Scraped caption text data:
※

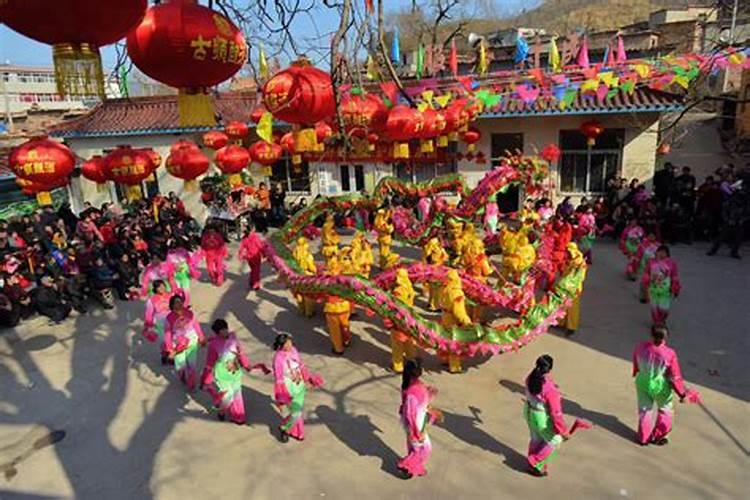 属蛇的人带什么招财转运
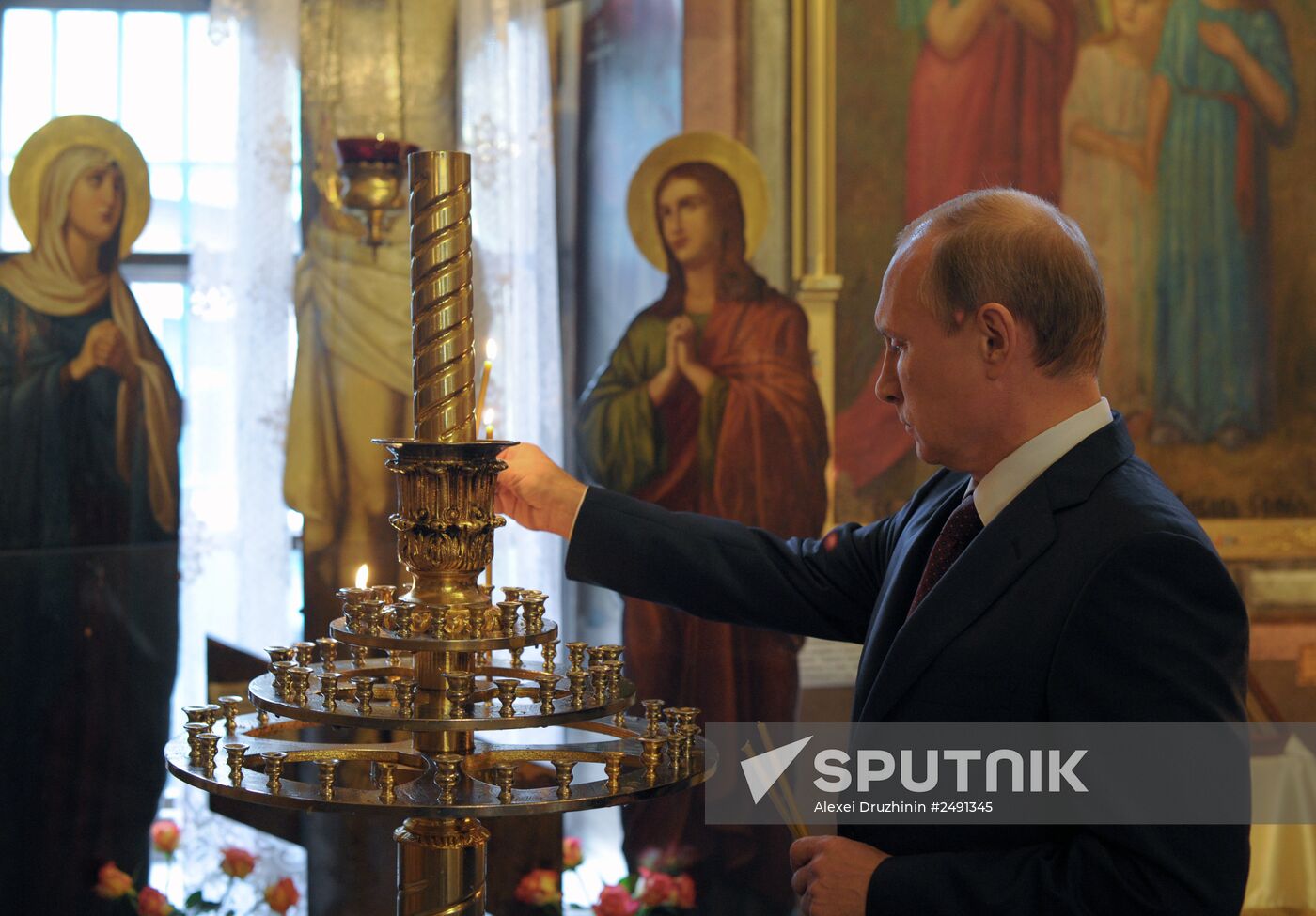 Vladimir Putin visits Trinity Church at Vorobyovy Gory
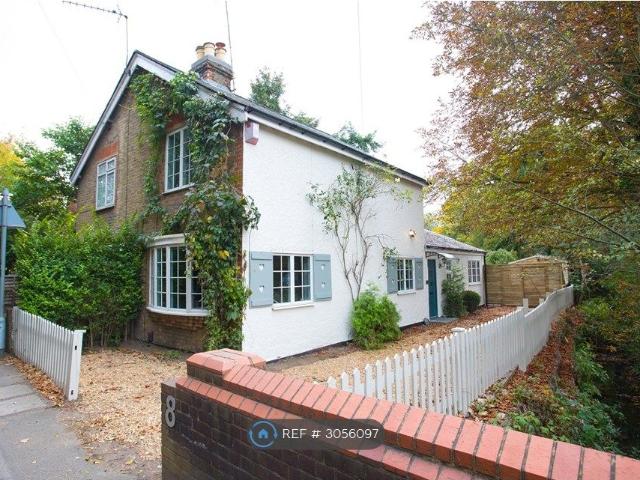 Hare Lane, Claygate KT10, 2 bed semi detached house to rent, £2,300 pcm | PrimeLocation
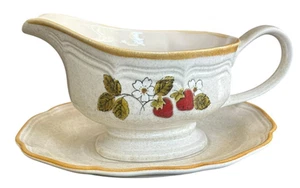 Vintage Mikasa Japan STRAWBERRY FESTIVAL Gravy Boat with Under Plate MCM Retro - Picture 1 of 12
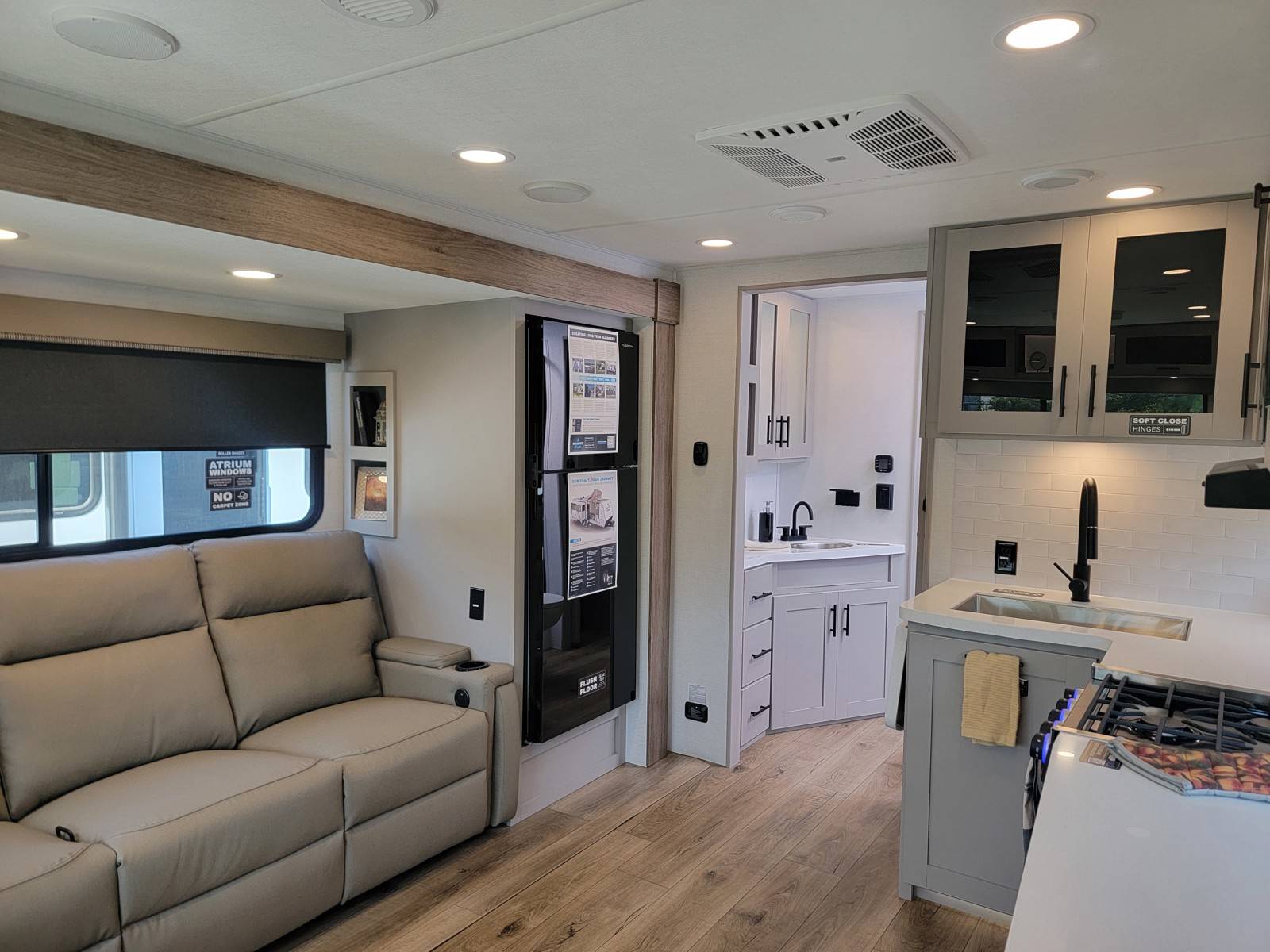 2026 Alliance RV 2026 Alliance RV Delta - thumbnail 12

※

**WHAT TO WORK ON**
Output every entry above exactly as written, but omit the pictures.

**RESPONSE AREA**
 属蛇的人带什么招财转运
 Vladimir Putin visits Trinity Church at Vorobyovy Gory
 Hare Lane, Claygate KT10, 2 bed semi detached house to rent, £2,300 pcm | PrimeLocation
 Vintage Mikasa Japan STRAWBERRY FESTIVAL Gravy Boat with Under Plate MCM Retro - Picture 1 of 12
 2026 Alliance RV 2026 Alliance RV Delta - thumbnail 12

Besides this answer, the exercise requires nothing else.